The dwarf sperm whale congregates into small pods of one to four individuals, though on occasion up to ten, likely due to limited food resources. Small group size and deep foraging grounds in the summer could also be anti-predator behaviors. However, this is less likely as dolphins congregate in large pods with hundreds of members to prevent predation. The whale probably follows seasonal squid migrations from offshore in the summer to nearshore in the winter. It is possible it prefers a slope habitat as it allows the whale to herd squid against the wall, or it causes upwelling which the whale can ride on in order to save energy while hunting. Younger animals may congregate in shallower areas and adults in deeper areas; the slope around South Africa may be a nursery grounds.

Kogia, unlike other whales, can eject a red-brown fluid when startled, likely to distract predators, similar to squid. This cloud can cover 100 sqm in the water.

This species does not whistle, and instead produces narrowband high-frequency clicks. These clicks are more similar to those produced by some dolphin and porpoise species–such as the hourglass dolphin (Sagmatias cruciger), Hector's dolphin (Cephalorhynchus hectori), the Chilean dolphin (Cephalorhynchus eutropia), Commerson's dolphin (Cephalorhynchus commersonii), the harbour porpoise (Phocoena phocoena), and Dall's porpoise (Phocoenoides dalli)–than to those of other deep-diving whales, such as beaked whales and the sperm whale. The peak frequencies of Kogia are generally less than 130 kHz.

==Relationship with humans==
There is some hunting of the dwarf sperm whale in Indonesia, Japan, Sri Lanka, and the Lesser Antilles as food or bait, though there are no major operations.
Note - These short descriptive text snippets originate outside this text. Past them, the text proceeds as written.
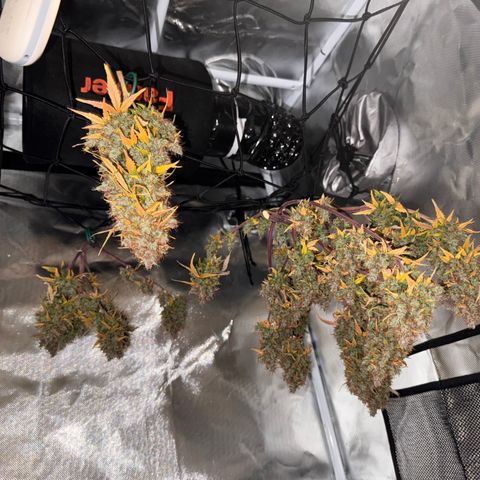 Cookies Gelato Auto #1 -41,5g growlog photo: 0:06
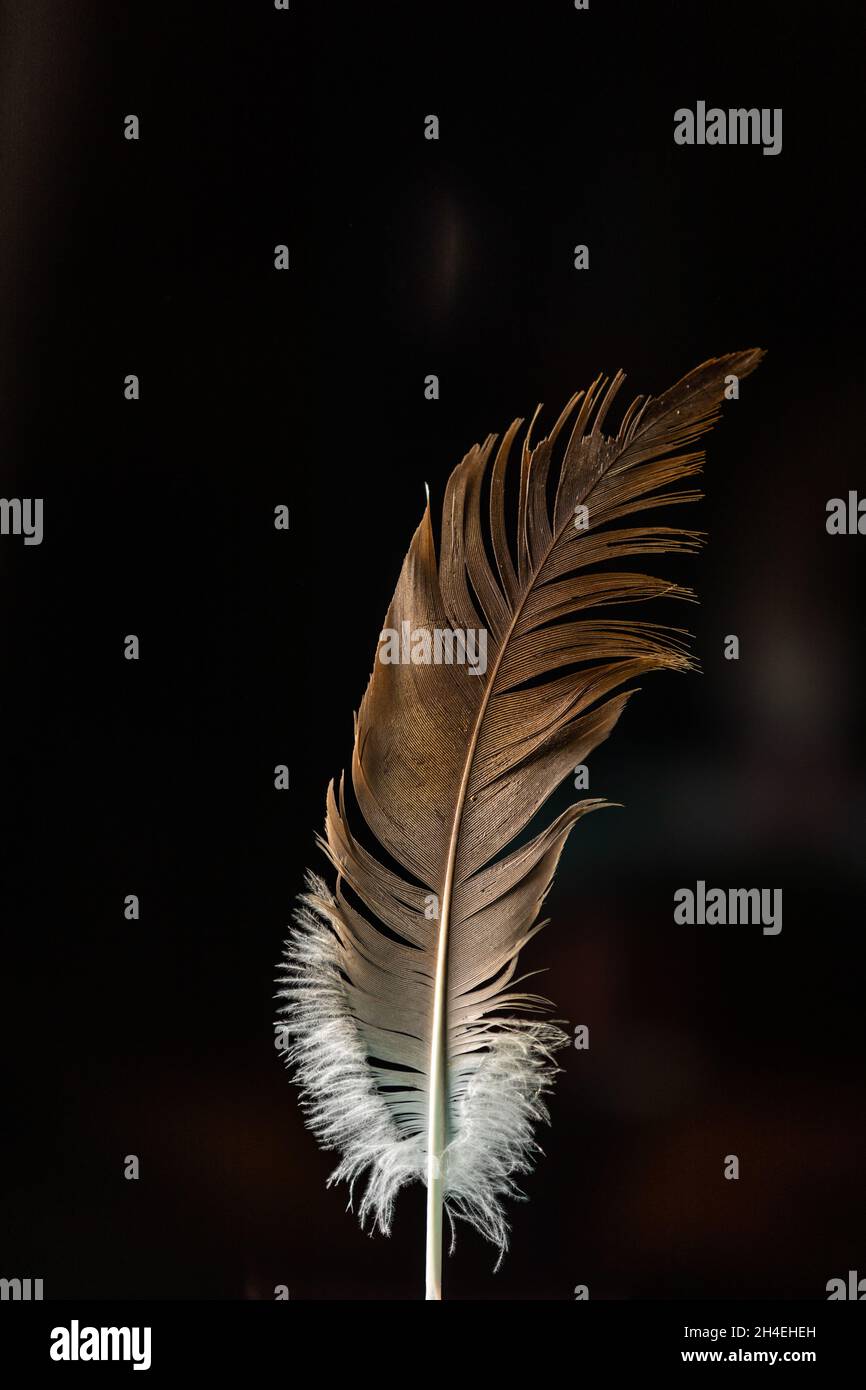A tattered goose feather Stock Photo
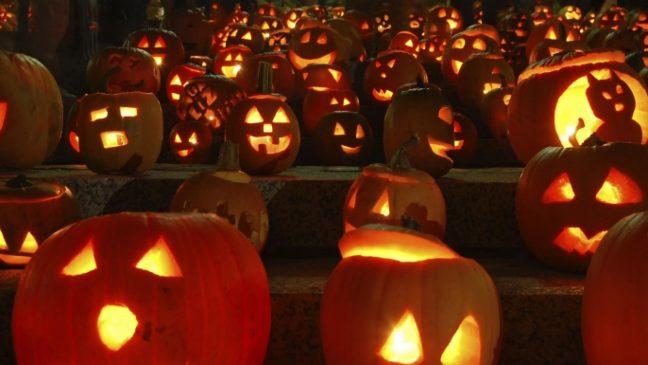 Theres still time to vote for WUDs pumpkin carving contest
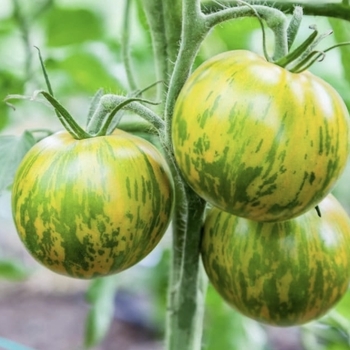 Lycopersicon esculentum 'Green Zebra' PP18924P3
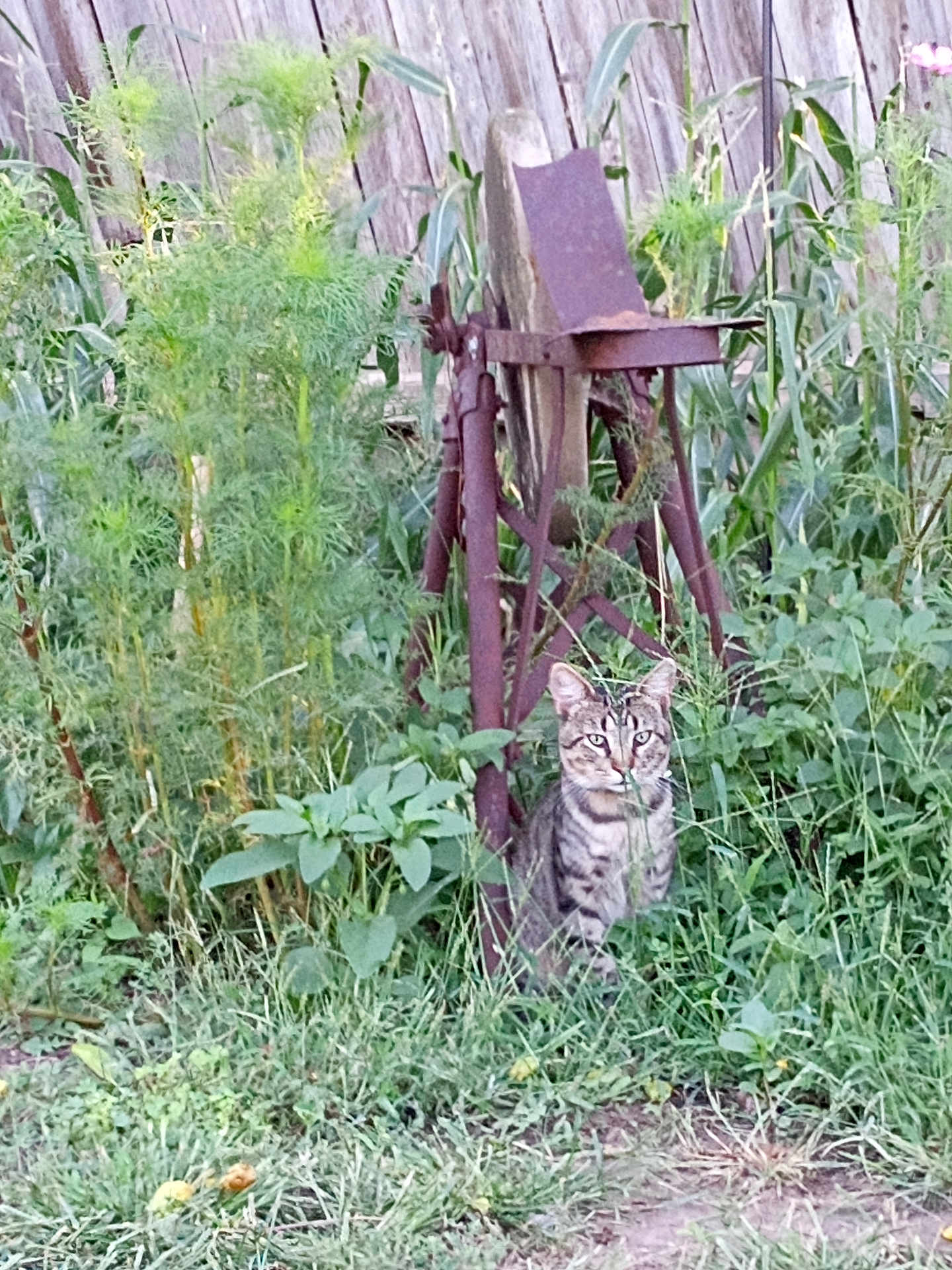 Puss Kitty is registered to the contest to win money with this photo: cat, tabby, grass, plants, garden, rusty, tool, old, wooden_fence, outdoor, nature, greenery, animal, pet, sitting, curious, feline, vegetation, yard, rust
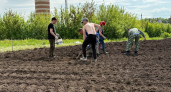 Целыми клубнями картошку больше не сажаю - берегу: соседка рассказала, как получает урожай даже из очисток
A bigger threat is likely ingestion of marine debris and entanglement in fishing gear, though it has not been determined how serious a threat these pose. The International Union for Conservation of Nature (IUCN) currently lists the dwarf sperm whale's conservation status as data deficient, though it could possibly be of least concern.

The dwarf sperm whale is covered by the Convention on International Trade in Endangered Species of Wild Fauna and Flora (CITES), the Agreement on the Conservation of Cetaceans in the Black Sea, Mediterranean Sea and Contiguous Atlantic Area. The species is further included in the Memorandum of Understanding Concerning the Conservation of the Manatee and Small Cetaceans of Western Africa and Macaronesia (Western African Aquatic Mammals MoU), and the Memorandum of Understanding for the Conservation of Cetaceans and Their Habitats in the Pacific Islands Region (Pacific Cetaceans MoU).